Necan began stripping the chief’s abandoned home in Savant Lake for wood to build Skunk a new home and when that proved unfruitful, she burned it down.
She served 10 days in the Kenora Jail.
Upon release, Necan began seeking construction expertise and finances. No help was available within reach so she reached further and on the verge of feeling “dead to the world,” she reached Toronto.
A network of indigenous solidarity activists in Canada’s biggest city assembled a diverse team make the trek northward.
They were able to raise $5,948 over an indiegogo online campaign. Added to the $1,000 in donations Necan assembled, the effort not only finished construction on a home for Skunk, but is also building Necan a base on the land where she’ll have her own home, at last.
“Right now, I have a bunch of nice people who are helping me. I’m very grateful. I’m very happy. At least they heard me out and they’re here,” Necan said. “(They’re listening) to the people who are really struggling – the ones who want to change.

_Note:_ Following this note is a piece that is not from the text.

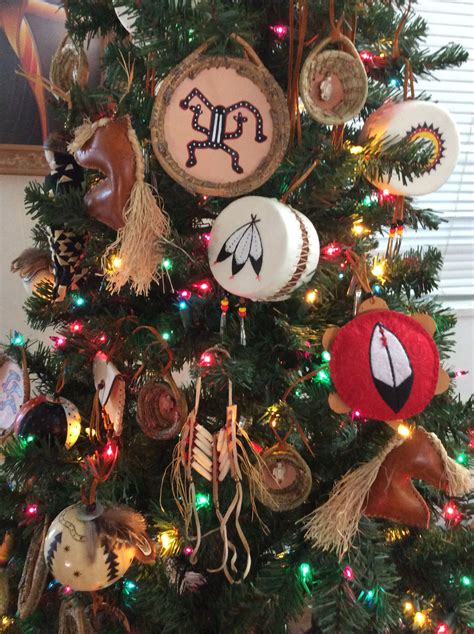 Native American Christmas Decorations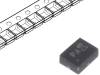 DMP2104LP-7 Транзистор: P-MOSFET; полевой; -20В; -1,2А; 0,5Вт; DFN1411-3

Listen with their hearts. Hopefully, all races work together and stop hating each other… Even with my chief, I don’t hate them. I kind of feel sorry for them but I know they don’t like me and I know it all has to do with money as a division. It shouldn’t be like that. There has to be something changed.”

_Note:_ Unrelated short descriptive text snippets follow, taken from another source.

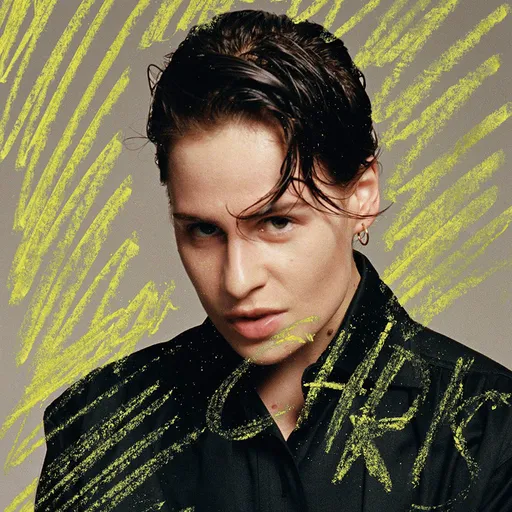CHRISTINE AND THE QUEENS - CHRIS LP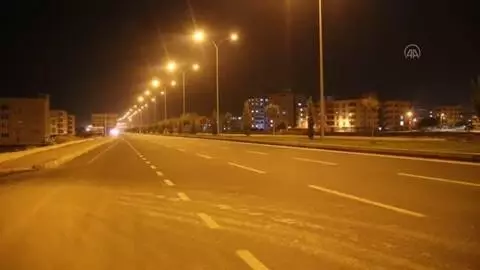 Son dakika gündem: Sokağa çıkma kısıtlaması Son dakika gündem: Sokağa çıkma kısıtlaması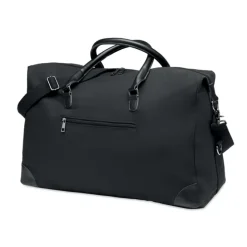 Torba weekendowa 340gr/m² / Czarny MO6292-03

Brigitte (surname withheld) was born in the Cordilliera Mountains of the Philippines, a northern region unconquered by the Spanish for over 300 years that lost its independence under American occupation. Brigitte was displaced under a project of the Canadian mining company Ivanhoe and she immigrated to Canada under the Live-In Care Program. Upon seeing indigenous people in Toronto, she came to see what she regarded as political and even physical similarities to herself. It called her back to the struggle.
“Our story with Darlene is not separate,” she explained. “This colonization has brought havoc, destruction and displacement of our ancestral lands from the indigenous people all around the world. Our particular situation in the Philippines, which is not exactly the same as Darlene but the oppression is identical.”
Lucho Granados Ceja’s family came to Canada from Mexico as landed immigrants in 2001. He said creating the political, social and economic infrastructure for grassroots movements to thrive requires direct solidarity instead of relying on government, corporations and charities.
“I really do think, it’s going to be a moment we look back on that really showed what’s possible when people are able to co-operate and when there’s something we can define as people-to-people solidarity,” he said. “Coming from Toronto and the activist scene there, I think a lot of times, things get limited to a discursive level. In other words, it’s mostly talk. It’s an exchange of ideas, very good ideas, but it gets stuck there. I think if we’re serious about decolonization – if we’re serious about addressing the fact that this is a land that was illegally possessed by invading peoples from another continent, and all that implies – it’s making sure that our work changes and making sure our work ends up being direct.”